» **Work instruction**
The lines to return are those from the line holding "Matchbox M2 MATCHBOX" through the last line of the entries below, both included, written exactly and without pictures.

[Start of Attachment]

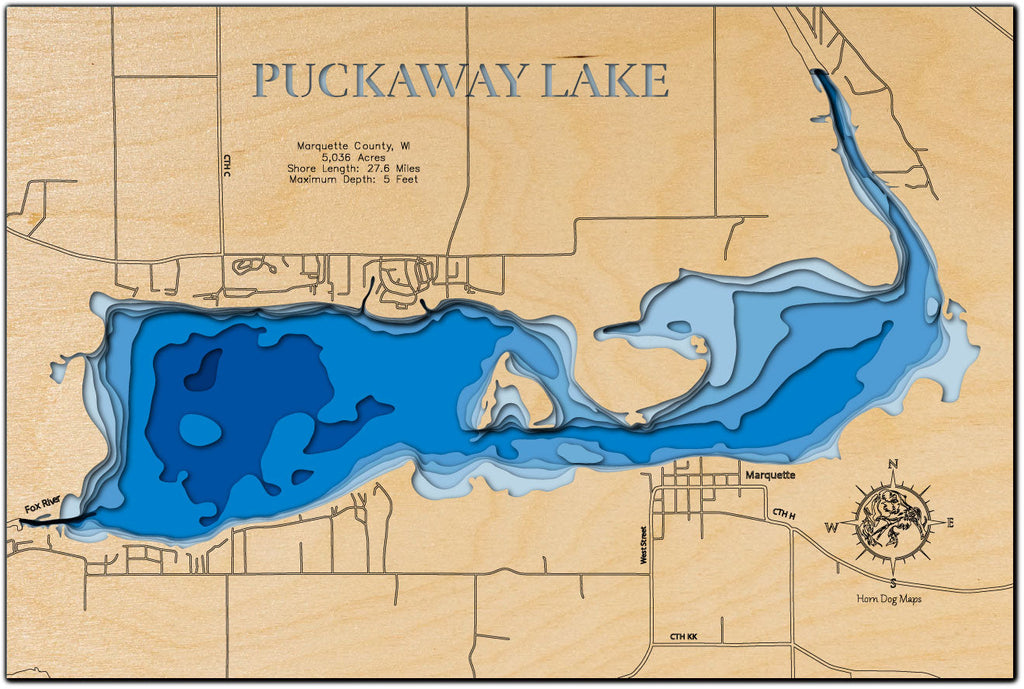 Puckaway (Marquette)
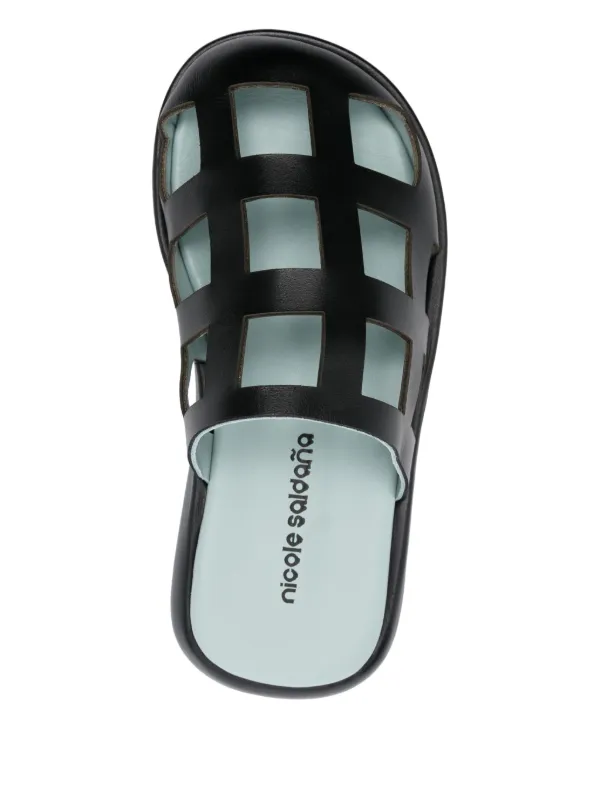 Nicole Saldaña Sammy Mules | Black | FARFETCH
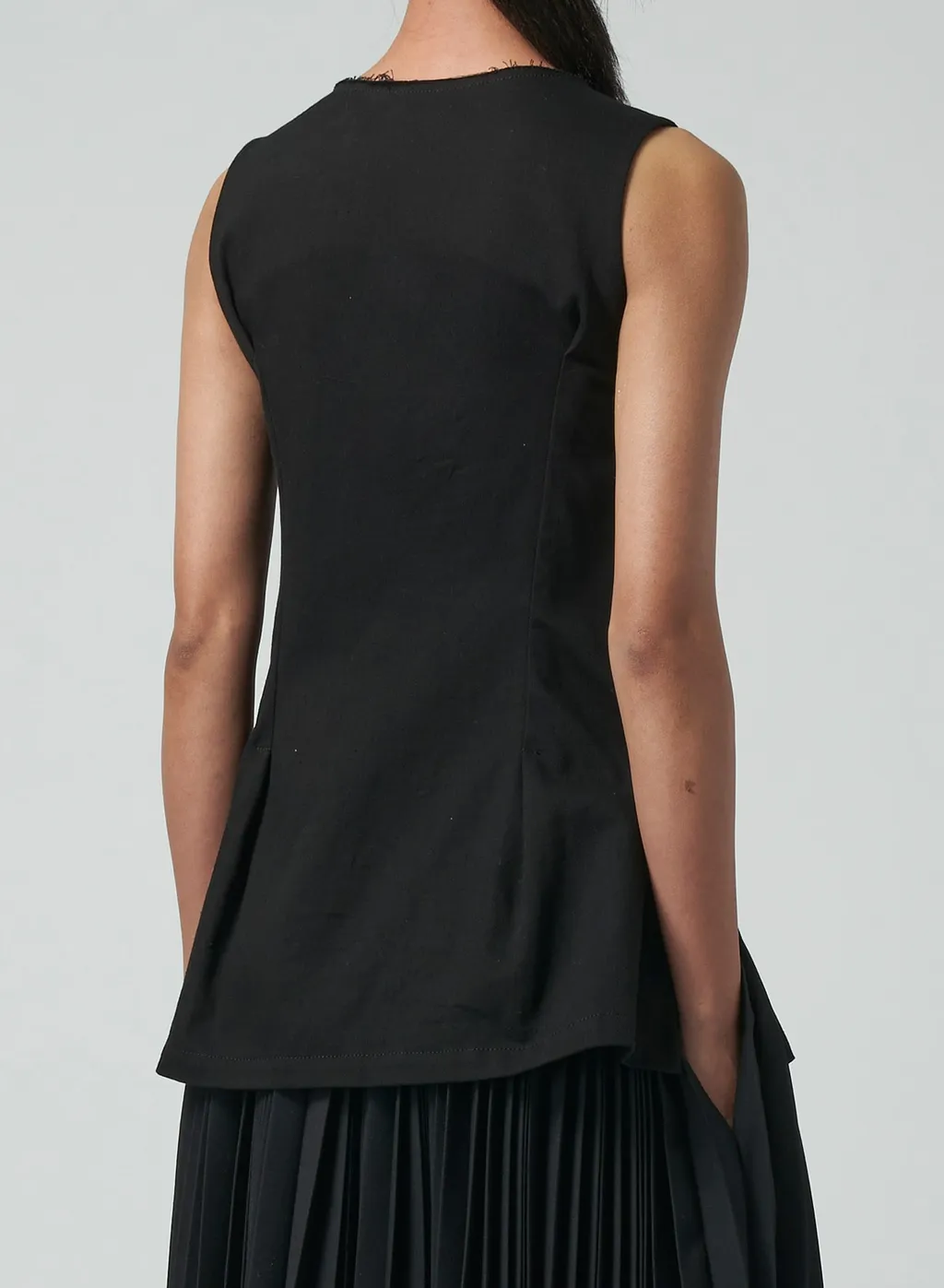 Dress With Pleated Skirt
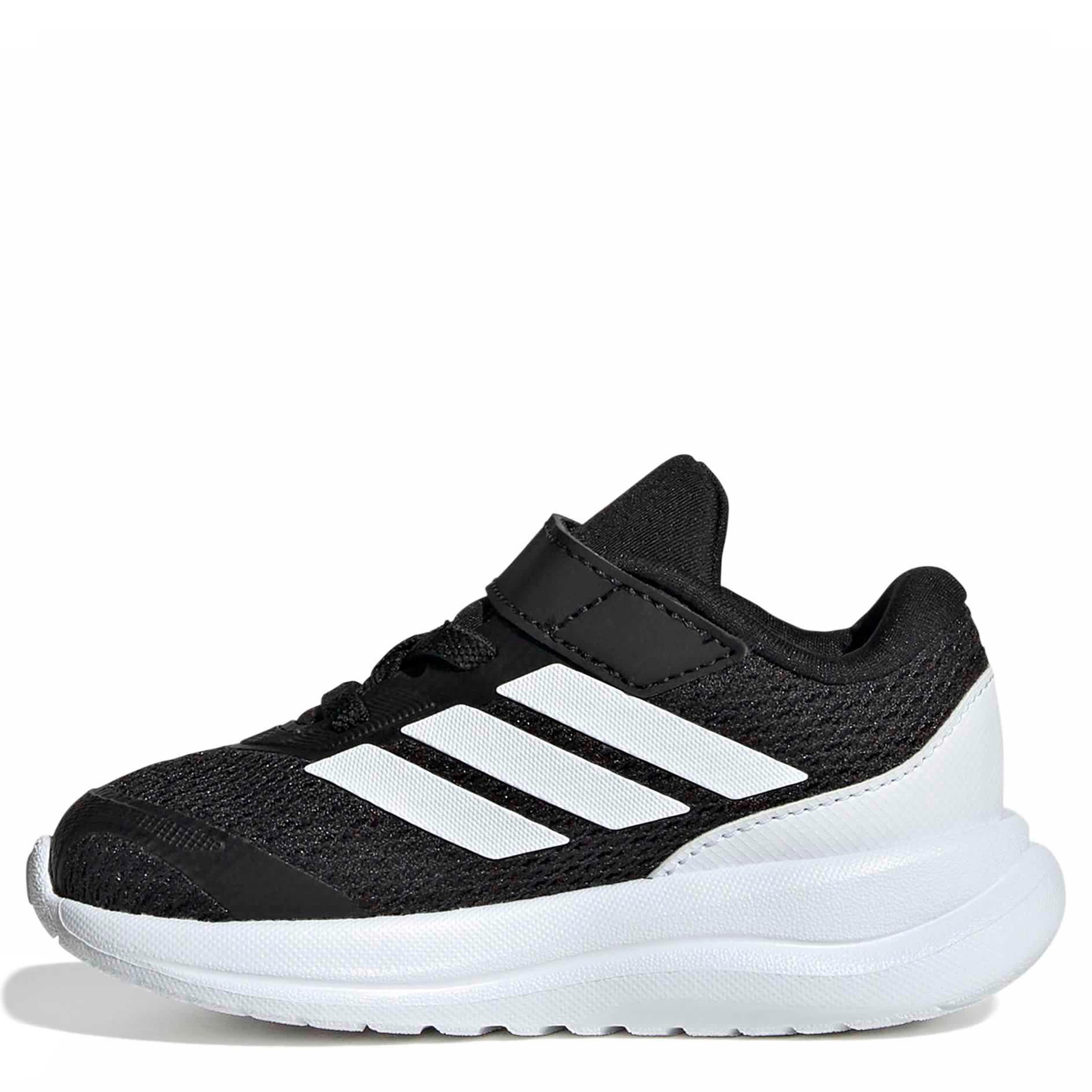 ADIDAS-BOYS TODDLER RUNFALCON 6 RUNNING SHOE-BLACK & WHITE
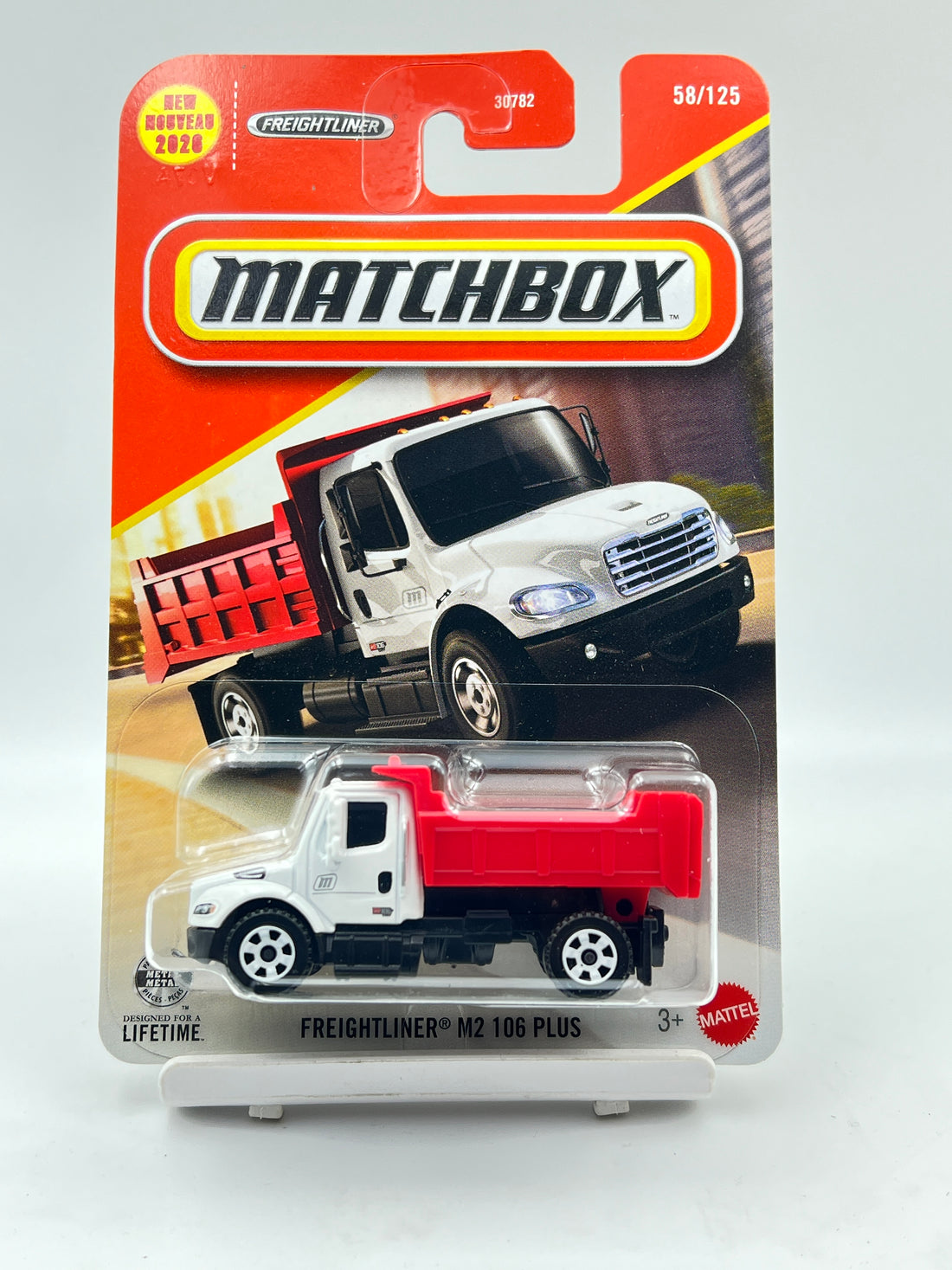 Matchbox M2 MATCHBOX - FREIGHTLINER M2 106 PLUS - 4G – Its Fun
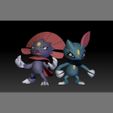 Pokemon-Sneasel-Weavile.jpg Archivo STL Pokemon Sneasel Weavile・Objeto para impresora 3D para descargar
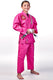 GBK Lite Ripstop Kimono w/ Belt - Pink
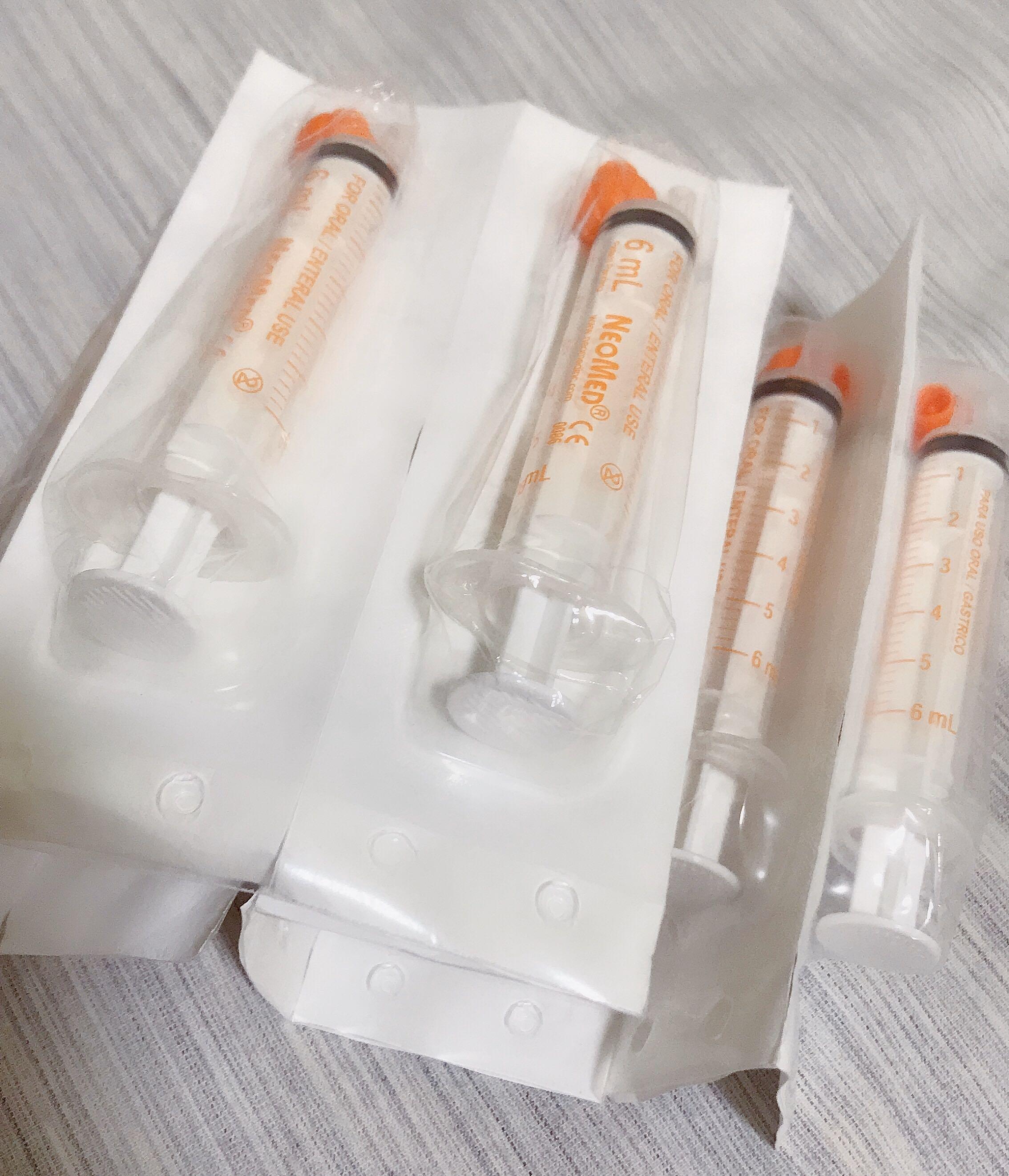 6cc/ml NeoMed's Pharmacy Oral Syringe Dispensers with Cap, Babies & Kids,  Nursing & Feeding on Carousell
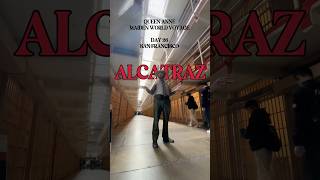 From Queen Anne to Alcatraz 🗝️ #cunard #cruise #alcatraz #cruiseship #queenanne #sanfrancisco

[End of Attachment]

» **Written solution**
 Matchbox M2 MATCHBOX - FREIGHTLINER M2 106 PLUS - 4G – Its Fun
 Pokemon-Sneasel-Weavile.jpg Archivo STL Pokemon Sneasel Weavile・Objeto para impresora 3D para descargar
 GBK Lite Ripstop Kimono w/ Belt - Pink
 6cc/ml NeoMed's Pharmacy Oral Syringe Dispensers with Cap, Babies & Kids,  Nursing & Feeding on Carousell
 From Queen Anne to Alcatraz 🗝️ #cunard #cruise #alcatraz #cruiseship #queenanne #sanfrancisco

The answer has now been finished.